A maioria dos professores que tivemos na vida não fomos nós que escolhemos. Na escola, certamente não. Na universidade, há margem de opção, mas mesmo assim as possibilidades são limitadas. Foi assim que conheci, no mestrado em Letras, a professora Rita Terezinha Schmidt, com quem cursei a disciplina de Tópicos de Teoria da Literatura, nos idos de 2005. A cadeira era conhecida pela profundidade – e, muitas vezes, dificuldade – das leituras requeridas, mas o esforço era recompensado. Você pode passar a vida inteira lendo livros, vendo filmes e indo a peças de teatro, mas, se não tiver conhecimento sobre teoria, terá uma capacidade de reflexão um tanto restrita sobre tudo que absorveu.
Dizem que a teoria aprisiona o pensamento. Bobagem. Para mim, a teoria liberta. Com Rita, os alunos da pós em Letras da UFRGS aprendem sobre formalismo, estruturalismo, marxismo e desconstrução, entre outras vertentes. É uma das maiores especialistas no Brasil em crítica literária feminista, tema ao qual tem dedicado sua atividade docente.
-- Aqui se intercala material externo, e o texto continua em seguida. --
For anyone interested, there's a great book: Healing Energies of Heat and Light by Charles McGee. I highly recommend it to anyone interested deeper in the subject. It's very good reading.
Como Rita foi minha orientadora de mestrado e doutorado, há algum tempo eu ouvia falar do livro que ela estava preparando, um apanhado de 30 anos de produção intelectual. Havia grande expectativa dos orientandos e alunos. E agora o livro saiu. Na verdade, o lançamento foi em novembro do ano passado, na Feira do Livro de Porto Alegre, mas nunca é tarde para descobrir um grande livro. Claro que Rita tem uma extensa lista de artigos publicados em periódicos e volumes organizados, mas um livro assim, só dela, esse é o primeiro. Chama-se Descentramentos/Convergências – Ensaios de Crítica Feminista (Editora da UFRGS, 448 páginas, R$ 40).
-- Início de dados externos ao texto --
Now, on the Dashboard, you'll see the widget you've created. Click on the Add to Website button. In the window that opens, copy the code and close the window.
Quem imagina a literatura e a cultura como um campo progressista talvez se surpreenda com os relatos sobre a resistência do meio acadêmico brasileiro, nos anos 1980, frente à emergência do feminismo, com suas demandas pela reinterpretação da literatura e pela redescoberta de escritoras apagadas pela história. Os críticos tradicionais costumavam atribuir à escrita feminina estereótipos como “intuição”, “emoção” e “sensibilidade”. Rita e as críticas feministas, pelo contrário, desvelam poéticas complexas, multifacetadas e repletas de potência crítica e política. Essa ideia de um esforço coletivo da crítica feminista é cara a ela, como explica na introdução do volume. Trata-se, de fato, de um movimento.
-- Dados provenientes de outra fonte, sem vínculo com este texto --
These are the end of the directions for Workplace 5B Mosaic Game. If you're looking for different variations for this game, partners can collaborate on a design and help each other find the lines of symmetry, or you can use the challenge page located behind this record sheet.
Entre os autores abordados no livro, estão Machado de Assis, Clarice Lispector, James Joyce e Virginia Woolf. São artigos fundamentais para entender o que aconteceu com a cultura nas últimas décadas e, principalmente, para conhecer o itinerário do pensamento feminista, suas batalhas e conquistas. Em um tempo de simplificação da linguagem nas redes sociais e nos memes, Rita nos lembra que ideias sofisticadas exigem uma escrita idem.